There is another correspondence, not of words but of form.
The Icelandic sagas and the Indian itihasa are cultural cognates, defined not by origin but by function. They are often called ‘mythology,’ or worse, ‘historical fiction’ – terms that misplace them entirely. Nor are they history in the archival sense. They belong to another order altogether: civilisational memory given narrative form.
Arising from a long oral inheritance, the sagas hold the record of a people entire: lineages, settlements, feuds, and the judgements that follow. Law does not stand apart but enters life directly, spoken openly, contested, and borne by men who must sleep with the consequences they set in motion. Honour is neither proclaimed nor adorned but enacted, often driven to breaking point, as in the world of Njáll and Gunnar, where a decision once taken cannot be unmade and consequence moves with its own implacable momentum. Nothing lies outside the human field; everything is answered in action and aftermath.
That such literature arose in Iceland is one of the remarkable facts of human culture.
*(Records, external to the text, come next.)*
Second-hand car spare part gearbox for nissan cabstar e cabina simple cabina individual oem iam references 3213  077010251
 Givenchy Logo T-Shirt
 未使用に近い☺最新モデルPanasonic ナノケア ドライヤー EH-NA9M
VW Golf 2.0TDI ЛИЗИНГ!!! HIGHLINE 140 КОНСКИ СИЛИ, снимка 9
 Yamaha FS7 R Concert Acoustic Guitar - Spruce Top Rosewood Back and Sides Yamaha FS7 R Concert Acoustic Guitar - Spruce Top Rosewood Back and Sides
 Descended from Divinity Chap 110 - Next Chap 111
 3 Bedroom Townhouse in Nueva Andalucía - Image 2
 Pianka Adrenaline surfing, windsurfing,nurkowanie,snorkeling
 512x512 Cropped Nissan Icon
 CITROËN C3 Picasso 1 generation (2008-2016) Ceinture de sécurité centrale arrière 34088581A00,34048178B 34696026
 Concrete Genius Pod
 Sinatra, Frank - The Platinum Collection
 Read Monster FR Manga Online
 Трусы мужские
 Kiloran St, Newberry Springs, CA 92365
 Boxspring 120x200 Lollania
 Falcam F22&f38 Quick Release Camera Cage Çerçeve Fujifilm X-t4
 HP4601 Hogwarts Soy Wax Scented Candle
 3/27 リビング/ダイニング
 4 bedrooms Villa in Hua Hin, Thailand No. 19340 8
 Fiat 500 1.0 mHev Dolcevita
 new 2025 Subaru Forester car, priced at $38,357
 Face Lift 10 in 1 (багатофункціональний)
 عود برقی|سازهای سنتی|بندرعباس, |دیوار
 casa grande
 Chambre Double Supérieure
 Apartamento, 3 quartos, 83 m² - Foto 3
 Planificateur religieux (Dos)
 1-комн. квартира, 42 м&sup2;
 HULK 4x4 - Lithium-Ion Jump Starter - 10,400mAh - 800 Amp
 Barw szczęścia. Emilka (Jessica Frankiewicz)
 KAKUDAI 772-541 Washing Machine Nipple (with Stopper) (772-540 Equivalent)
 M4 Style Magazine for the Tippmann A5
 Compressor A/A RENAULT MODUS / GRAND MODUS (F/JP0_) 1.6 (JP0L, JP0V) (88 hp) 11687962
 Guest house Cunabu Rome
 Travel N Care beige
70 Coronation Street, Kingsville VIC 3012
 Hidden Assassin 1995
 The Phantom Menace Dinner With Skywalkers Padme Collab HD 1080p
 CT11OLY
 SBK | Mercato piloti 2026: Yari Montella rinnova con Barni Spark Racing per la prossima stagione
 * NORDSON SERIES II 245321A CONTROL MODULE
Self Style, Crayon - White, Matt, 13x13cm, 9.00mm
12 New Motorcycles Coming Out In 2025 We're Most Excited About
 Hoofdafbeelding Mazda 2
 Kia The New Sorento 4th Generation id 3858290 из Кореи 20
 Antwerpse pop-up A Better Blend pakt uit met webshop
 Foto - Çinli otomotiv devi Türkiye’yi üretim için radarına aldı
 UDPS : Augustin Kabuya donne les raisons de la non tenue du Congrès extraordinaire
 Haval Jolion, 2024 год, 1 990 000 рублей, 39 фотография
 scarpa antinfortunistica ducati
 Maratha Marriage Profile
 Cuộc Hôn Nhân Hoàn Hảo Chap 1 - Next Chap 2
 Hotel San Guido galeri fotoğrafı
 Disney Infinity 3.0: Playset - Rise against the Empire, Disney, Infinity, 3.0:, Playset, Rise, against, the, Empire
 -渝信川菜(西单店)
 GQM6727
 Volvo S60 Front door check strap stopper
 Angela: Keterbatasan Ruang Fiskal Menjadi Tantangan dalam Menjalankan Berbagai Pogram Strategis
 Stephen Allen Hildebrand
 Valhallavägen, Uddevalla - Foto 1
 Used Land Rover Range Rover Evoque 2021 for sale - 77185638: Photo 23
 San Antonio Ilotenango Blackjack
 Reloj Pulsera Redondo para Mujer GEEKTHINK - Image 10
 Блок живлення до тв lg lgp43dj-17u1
From a population of a few tens of thousands, set on a harsh, exposed edge of the inhabited world, emerged a body of narrative with such control, depth, and unerring command of human motive that it resists easy explanation. The achievement is not merely striking but extraordinary and, given the scale that produced it, close to the improbable.

In the Indian tradition, itihasa, “thus indeed it was,” refers to the epics Ramayana and Mahabharata. These are neither inventions nor chronicles. They are a civilisation speaking in its deepest voice, examining duty and action, tracing the bonds of kinship and the fractures that follow, laying bare love, betrayal, ambition, and renunciation.
At its heart stands the Mahabharata, the longest poem ever composed in human history. Scale is the outward sign of a far greater ambition: the attempt to encompass the totality of human experience. Its composer, the sage Vyasa, states at the outset: “What is found here may be found elsewhere; what is not found here is nowhere to be found.”
This is not boast. The Mahabharata does not console or simplify. It examines the entanglement of duty, desire, power, and consequence with a severity unmatched, refusing easy divisions between virtue and transgression. Dharma is not proclaimed; it is tested, strained, and often revealed only in the wake of action. Krishna, at the centre of the epic as the Supreme Reality in human form, bends the rules in obedience to a necessity beyond human measure.
The poem is not merely a war story. It stages the collapse of order and asks what remains when every norm collides with every other. Kings contend over law and legitimacy; vows bind and destroy; loyalties fracture. At its most charged moment, the Bhagavad Gita emerges as a text of the deepest philosophical insight, a sustained meditation on action, existence, and being. Narrative and philosophy are not separate strands but one movement.
Both traditions arose in worlds that trusted memory over the written record. They were not read but recited, and lived. A child in India meets Rama and Bhishma long before meeting them in print. The same was true in Iceland, where in turf homes, across long dark winters, names, lineages, and episodes were spoken, binding the living to the dead.
These figures do not remain confined to their narratives. They enter speech and moral imagination. To invoke Draupadi is to recall a woman humiliated yet unbroken; to speak of Karna is to summon loyalty bound to tragedy. The sagas do likewise: to name Egill is to summon fury yoked to genius.
The kinship between sagas and itihasa is evident. Their differences in scale and scope are equally clear. The sagas are anchored in a defined historical horizon: the settlement of Iceland, the ordering of society, the play of law and honour within a small, tightly bound community. Their domain is human, and their force lies in the directness with which a deed returns upon the one who sets it in motion.
The Mahabharata unfolds on a far larger canvas. It extends beyond the human sphere and places action within a wider frame of time, recurrence, and consequence. The question is not only how one ought to act, but what action itself means.
The sagas and itihasa answer the same human need: to give lasting form to experience. They are among the fullest expressions of that need – two civilisational vessels of memory shaped into narrative and carried across time.